It can all be overwhelming if taken at once. Move slowly and focus on one lesson at a time until it's mastered. All this will become second nature with time and practice.


----------



## otherprof (Oct 31, 2016)

Tgoodwater2002 said:


> So if I moved the aperture to 8.0 it would automatically slow the shutter speed?  Is this around what professionals keep the aperture at to get those crisp photos of groups of people?


By all means follow Trevor's advice. A really short fix is this: the larger the f-stop number, the larger the depth of field. Depth of field is how much will be in focus from the closest focused item to the farthest item in focus.  So going from, say, f2.8 to f8 will increase the depth of field, and probably solve the focus problem.  Also, unless you are in full manual mode, making the opening smaller (increasing the f number) will be compensated for by the camera by making the exposure longer - or increasing the iso.


----------



## KmH (Oct 31, 2016)

otherprof said:


> making the opening smaller (increasing the f number)


F-numbers are fractions, so f/2 is a bigger number, and a larger lens aperture, than f/8 is.
Put another way, making the opening smaller requires _decreasing_ the f-number.

Lens aperture is only 1 of several factors that control depth-of-field (DoF).
Lens focal length and point of focus distance have more effect on DoF than lens aperture does.
Image sensor size is also a DoF factor.


----------



## vintagesnaps (Oct 31, 2016)

It's not just using a calculator, I've never used anything like that. You need to learn more about how your camera works, and how to make adjustments in aperture and shutter speed that work in a variety of settings and with various subjects in various lighting conditions.
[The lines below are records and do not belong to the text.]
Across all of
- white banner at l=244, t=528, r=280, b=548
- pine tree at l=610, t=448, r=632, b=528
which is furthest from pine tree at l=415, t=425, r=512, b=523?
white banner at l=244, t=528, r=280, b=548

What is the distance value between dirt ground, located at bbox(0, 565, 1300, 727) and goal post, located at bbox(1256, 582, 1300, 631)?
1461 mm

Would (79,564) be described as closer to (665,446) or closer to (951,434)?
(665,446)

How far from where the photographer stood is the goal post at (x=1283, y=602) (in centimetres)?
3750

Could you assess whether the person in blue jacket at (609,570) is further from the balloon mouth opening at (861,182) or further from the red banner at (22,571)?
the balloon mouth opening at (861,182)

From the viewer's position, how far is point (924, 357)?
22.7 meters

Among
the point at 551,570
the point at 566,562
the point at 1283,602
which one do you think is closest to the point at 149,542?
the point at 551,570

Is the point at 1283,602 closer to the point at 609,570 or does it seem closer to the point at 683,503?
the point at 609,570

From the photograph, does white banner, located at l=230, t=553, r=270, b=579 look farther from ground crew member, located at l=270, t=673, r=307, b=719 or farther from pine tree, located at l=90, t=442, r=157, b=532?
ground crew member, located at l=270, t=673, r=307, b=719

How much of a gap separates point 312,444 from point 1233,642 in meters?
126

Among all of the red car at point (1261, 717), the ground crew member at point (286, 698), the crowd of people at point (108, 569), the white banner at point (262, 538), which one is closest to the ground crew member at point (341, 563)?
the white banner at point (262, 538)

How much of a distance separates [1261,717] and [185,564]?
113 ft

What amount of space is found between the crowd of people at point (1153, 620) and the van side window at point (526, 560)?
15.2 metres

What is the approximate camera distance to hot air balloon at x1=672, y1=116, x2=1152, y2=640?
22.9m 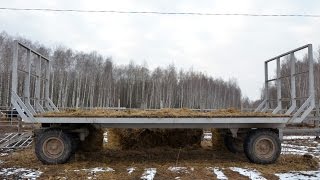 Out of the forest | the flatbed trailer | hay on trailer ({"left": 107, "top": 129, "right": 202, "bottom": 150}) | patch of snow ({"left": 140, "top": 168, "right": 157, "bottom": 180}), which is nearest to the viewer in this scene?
patch of snow ({"left": 140, "top": 168, "right": 157, "bottom": 180})

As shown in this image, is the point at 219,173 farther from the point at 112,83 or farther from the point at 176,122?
the point at 112,83

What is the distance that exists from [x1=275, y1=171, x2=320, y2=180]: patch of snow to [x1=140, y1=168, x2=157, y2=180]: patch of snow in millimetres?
2722

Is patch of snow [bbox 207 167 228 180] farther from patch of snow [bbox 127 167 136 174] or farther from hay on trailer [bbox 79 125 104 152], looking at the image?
hay on trailer [bbox 79 125 104 152]

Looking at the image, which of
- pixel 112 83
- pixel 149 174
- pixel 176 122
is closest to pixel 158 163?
pixel 176 122

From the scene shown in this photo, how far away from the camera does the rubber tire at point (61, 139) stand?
32.9 ft

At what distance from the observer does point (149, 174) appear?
8859mm

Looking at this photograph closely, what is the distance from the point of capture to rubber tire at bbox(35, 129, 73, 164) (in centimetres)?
1002

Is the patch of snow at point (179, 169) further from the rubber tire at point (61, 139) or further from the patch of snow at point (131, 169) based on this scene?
the rubber tire at point (61, 139)

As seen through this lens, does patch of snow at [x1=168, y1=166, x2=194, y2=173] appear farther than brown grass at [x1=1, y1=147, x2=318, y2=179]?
Yes

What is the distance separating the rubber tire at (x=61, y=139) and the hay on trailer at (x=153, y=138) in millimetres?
2442

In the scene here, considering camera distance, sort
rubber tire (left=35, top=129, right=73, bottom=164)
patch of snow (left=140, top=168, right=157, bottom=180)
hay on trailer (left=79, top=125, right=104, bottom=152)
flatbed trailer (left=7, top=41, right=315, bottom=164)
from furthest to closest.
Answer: hay on trailer (left=79, top=125, right=104, bottom=152) → rubber tire (left=35, top=129, right=73, bottom=164) → flatbed trailer (left=7, top=41, right=315, bottom=164) → patch of snow (left=140, top=168, right=157, bottom=180)

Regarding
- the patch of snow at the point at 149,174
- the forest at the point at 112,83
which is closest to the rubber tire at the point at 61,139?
the patch of snow at the point at 149,174

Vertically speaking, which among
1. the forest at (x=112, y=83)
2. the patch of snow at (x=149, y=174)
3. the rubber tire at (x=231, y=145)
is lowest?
the patch of snow at (x=149, y=174)

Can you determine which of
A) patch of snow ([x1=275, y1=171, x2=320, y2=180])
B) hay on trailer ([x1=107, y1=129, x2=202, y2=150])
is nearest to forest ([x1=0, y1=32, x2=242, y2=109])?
hay on trailer ([x1=107, y1=129, x2=202, y2=150]) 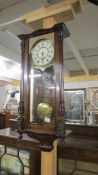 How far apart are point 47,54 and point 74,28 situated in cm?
136

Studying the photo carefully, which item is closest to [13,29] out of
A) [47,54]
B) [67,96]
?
[47,54]

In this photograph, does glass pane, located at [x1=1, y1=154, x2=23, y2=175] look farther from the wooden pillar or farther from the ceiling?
the ceiling

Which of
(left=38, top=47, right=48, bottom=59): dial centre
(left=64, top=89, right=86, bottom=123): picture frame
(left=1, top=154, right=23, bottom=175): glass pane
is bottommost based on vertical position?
(left=1, top=154, right=23, bottom=175): glass pane

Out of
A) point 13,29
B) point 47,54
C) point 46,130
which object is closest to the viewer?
point 46,130

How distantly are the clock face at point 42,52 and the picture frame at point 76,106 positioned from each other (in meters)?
4.78

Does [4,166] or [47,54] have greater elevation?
[47,54]

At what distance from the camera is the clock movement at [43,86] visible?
1444 millimetres

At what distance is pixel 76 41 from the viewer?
322 centimetres

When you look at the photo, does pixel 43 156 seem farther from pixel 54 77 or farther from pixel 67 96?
pixel 67 96

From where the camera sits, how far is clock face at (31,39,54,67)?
1.54 m

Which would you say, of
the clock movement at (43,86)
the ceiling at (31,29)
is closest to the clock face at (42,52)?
the clock movement at (43,86)

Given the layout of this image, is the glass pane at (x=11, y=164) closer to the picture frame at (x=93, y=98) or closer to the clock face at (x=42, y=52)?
the clock face at (x=42, y=52)

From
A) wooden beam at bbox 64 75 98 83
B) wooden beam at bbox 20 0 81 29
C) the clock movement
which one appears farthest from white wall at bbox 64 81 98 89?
the clock movement

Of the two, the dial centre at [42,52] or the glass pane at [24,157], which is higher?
the dial centre at [42,52] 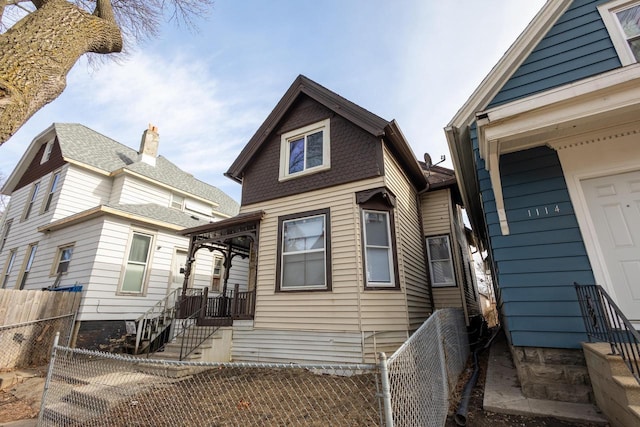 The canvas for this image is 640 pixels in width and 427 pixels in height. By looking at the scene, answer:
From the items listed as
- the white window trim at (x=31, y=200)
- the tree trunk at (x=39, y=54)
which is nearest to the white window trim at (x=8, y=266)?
the white window trim at (x=31, y=200)

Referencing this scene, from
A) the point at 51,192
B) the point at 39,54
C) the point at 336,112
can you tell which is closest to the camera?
the point at 39,54

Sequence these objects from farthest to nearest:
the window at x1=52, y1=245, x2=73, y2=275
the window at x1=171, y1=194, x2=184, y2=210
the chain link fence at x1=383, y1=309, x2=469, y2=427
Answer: the window at x1=171, y1=194, x2=184, y2=210
the window at x1=52, y1=245, x2=73, y2=275
the chain link fence at x1=383, y1=309, x2=469, y2=427

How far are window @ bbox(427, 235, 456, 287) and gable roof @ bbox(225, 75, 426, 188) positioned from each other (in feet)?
6.52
Good idea to back up the bus and go learn how to use the camera well. And practice a lot. And later on maybe you'd be good enough at it to do shoots for other people. (And people will apparently take just about any pictures they get for _free_ by talking somebody with a camera into doing it, lol - and it seems you can't go just by friends & family who might just be trying to be nice and supportive.)


----------



## Tgoodwater2002 (Nov 1, 2016)

vintagesnaps said:


> It's not just using a calculator, I've never used anything like that. You need to learn more about how your camera works, and how to make adjustments in aperture and shutter speed that work in a variety of settings and with various subjects in various lighting conditions.
> 
> Good idea to back up the bus and go learn how to use the camera well. And practice a lot. And later on maybe you'd be good enough at it to do shoots for other people. (And people will apparently take just about any pictures they get for _free_ by talking somebody with a camera into doing it, lol - and it seems you can't go just by friends & family who might just be trying to be nice and supportive.)




I definitely am going to practice more and learn how my camera works in manual mode.  Experiment and practice practice practice!  I have also never charged anyone for the pictures I've taken.  I've told everyone that I am just starting out and asked them if they would like me to take their family pictures.  So they all know I'm an amateur using our new camera we got....   So the more people I can take pictures of the better I will get right?  I am having fun and determined to master this camera and its settings to take gorgeous pictures!!


----------



## KmH (Nov 1, 2016)

The in-the-camera light meter is only capable of metering reflected light.
To consistently make high quality shots of people we need to meter not only reflected light, wew also need to meter incident light and strobed (flash) light too.

The only way we can meter incident and flash is to use a hand held light meter.
Sekonic L-308S Flashmate Digital Incident, Reflected & Flash Light Meter


----------



## pendennis (Nov 1, 2016)

Ahhh, for the days of the DOF scales on the focus rings!!


----------